MAKING SENSE OF THINGS

Making sense of things seems not to be something that everybody needs to do; yet there are some who want to know the how and why of just about everything. Those of us who fall into that second category of people are easily side-tracked. I can imagine my second grade teacher telling my mother that I was easily distracted. I remember Mother telling me that the teacher, Mrs. Foshee, told her that I saw every butterfly that flew by the classroom window. I was only seven years old, but I remember; and the reason I remember it so clearly was that my Mother wasn’t scolding me. I don’t know exactly what she said. I imagine she urged me to focus on what the teacher was saying and on whatever tasks the teacher gave the class; but she didn’t say I shouldn’t look at butterflies. That was just one of many gifts my Mother gave me.

A good chunk of my time every day, especially now that I am retired and can “afford” to spend time the way I want to spend it, is taken up with wondering about things that some other people apparently don’t care about at all. This morning, for example, as I made two halves of the papaya Margaret and I had for breakfast, I was awestruck by the beauty and mystery of that fruit. The gray-green-almost black, round, shiny seeds, crowding the space in the middle of the papaya, surrounded by the bright pink flesh of the fruit... the experience of laying it open reminded me that all living things have hope built into them... and later in the morning I had a reason to remember a poem by Gerald Manley Hopkins that I especially like. Of course, my analysis is an over-simplification, but essentially it’s a poem about hope that exists in the middle of doubt.

The world is charged with the grandeur of God.
It will flame out, like shining from shook foil;
It gathers to a greatness, like the ooze of oil
Crushed. Why do men then now not reck his rod?
Generations have trod, have trod, have trod;
And all is seared with trade; bleared, smeared with toil;
And wears man’s smudge and shares man’s smell: the soil
Is bare now, nor can foot feel, being shod.
And for all this, nature is never spent;

There lives the dearest freshness deep down things;
And though the last lights off the black West went
Oh, morning, at the brown brink eastward, springs—
Because the Holy Ghost over the bent
World broods with warm breast and with ah! bright wings.
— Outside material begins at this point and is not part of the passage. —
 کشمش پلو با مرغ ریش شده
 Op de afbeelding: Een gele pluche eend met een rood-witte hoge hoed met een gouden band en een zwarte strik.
It’s not likely that many people will understand the why and how of my leap from breakfast papaya to Gerald Manley Hopkins’ “last lights off the black West” (sunset) reassuringly followed by “Oh, morning, at the brown brink eastward, springs--.” The way the human mind works doesn’t require explanation to be appreciated. My seeing hope in the cradle of papaya seeds doesn’t need explanation.

2 comments:

Unknown said...

I smile as I picture you cutting the fruit, then wondering about hope.
Your just a glass half full guy, there's no denying that.
That's ok. We need more glass half full guys around.

Anonymous said...

In the attic of the Vatican Library a book, "The Revelation of the Magi" was discovered and translated into English, I'm reading it now. It's amazing how another world and word is opened by a brief reference to Magi in the Gospel of Matthew. A scholar with a thirst for new information makes a discovery that expands "The Story"....of God's revelation through Jesus birth, or so he says. Some people still watch butterflies as they fly by the windows of tradition because somehow it allows their minds and hearts to ponder deep down things. So, dear long time friend, it's not that you have the time to spend as you wish, it's that you have been in training for this time for your entire life. And it's good, sooooooo good.